Requirement –
With the exception of the pictures, write out the data below precisely.

Dataset section –

-- -- --

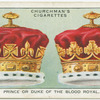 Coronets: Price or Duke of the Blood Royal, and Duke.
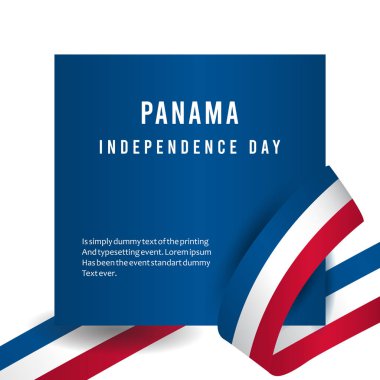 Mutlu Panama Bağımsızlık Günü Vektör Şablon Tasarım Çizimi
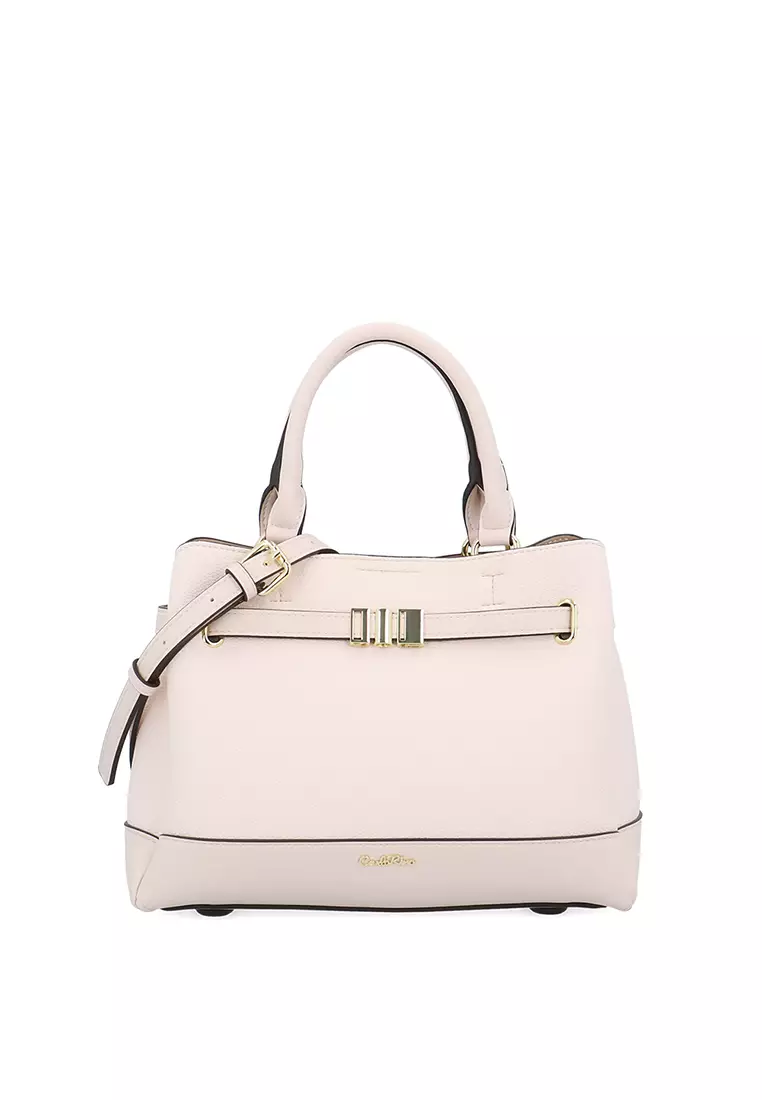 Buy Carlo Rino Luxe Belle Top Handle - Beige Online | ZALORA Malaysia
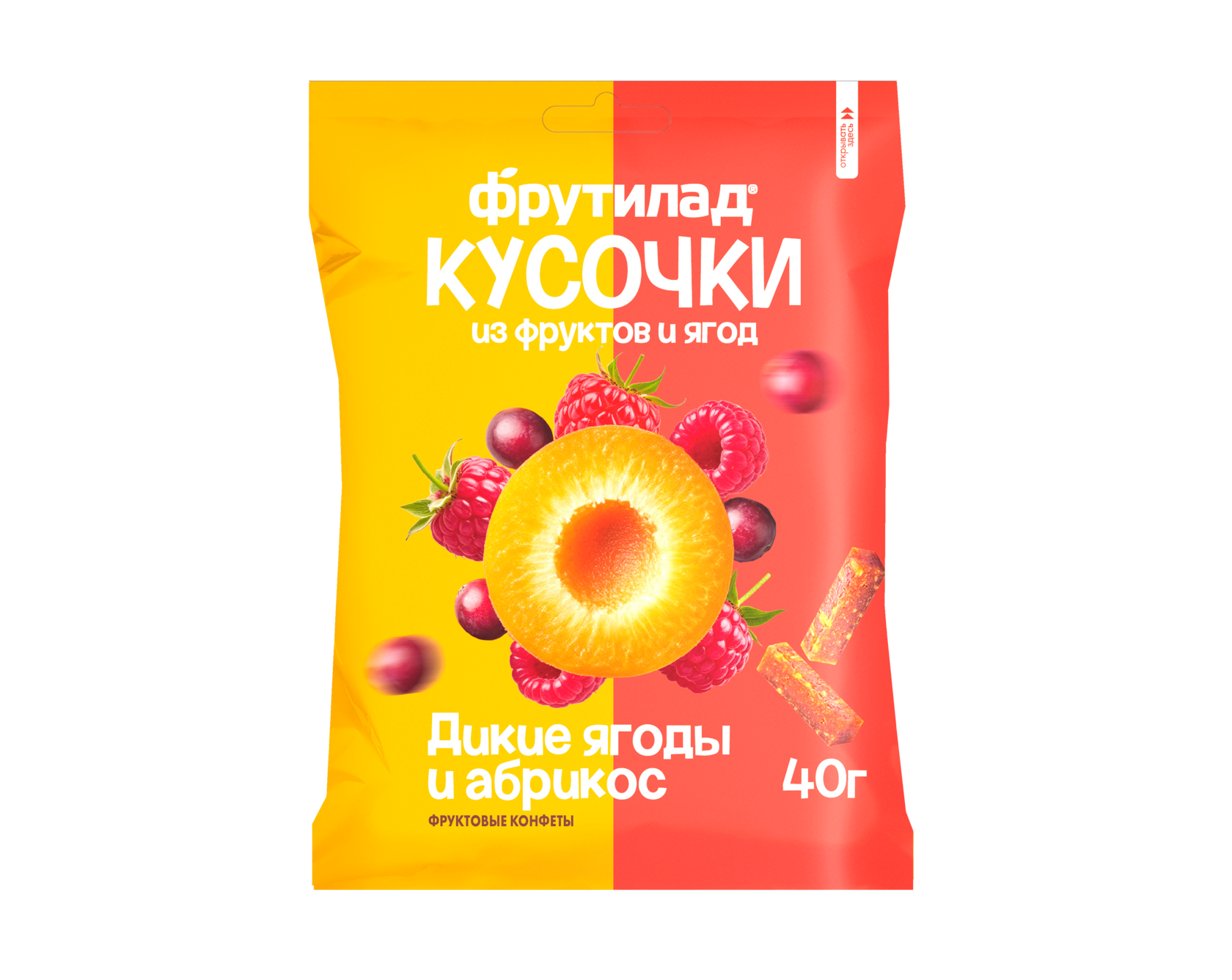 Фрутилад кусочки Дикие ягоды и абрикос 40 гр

-- -- --

Answer section –
 Coronets: Price or Duke of the Blood Royal, and Duke.
 Mutlu Panama Bağımsızlık Günü Vektör Şablon Tasarım Çizimi
 Buy Carlo Rino Luxe Belle Top Handle - Beige Online | ZALORA Malaysia
 Фрутилад кусочки Дикие ягоды и абрикос 40 гр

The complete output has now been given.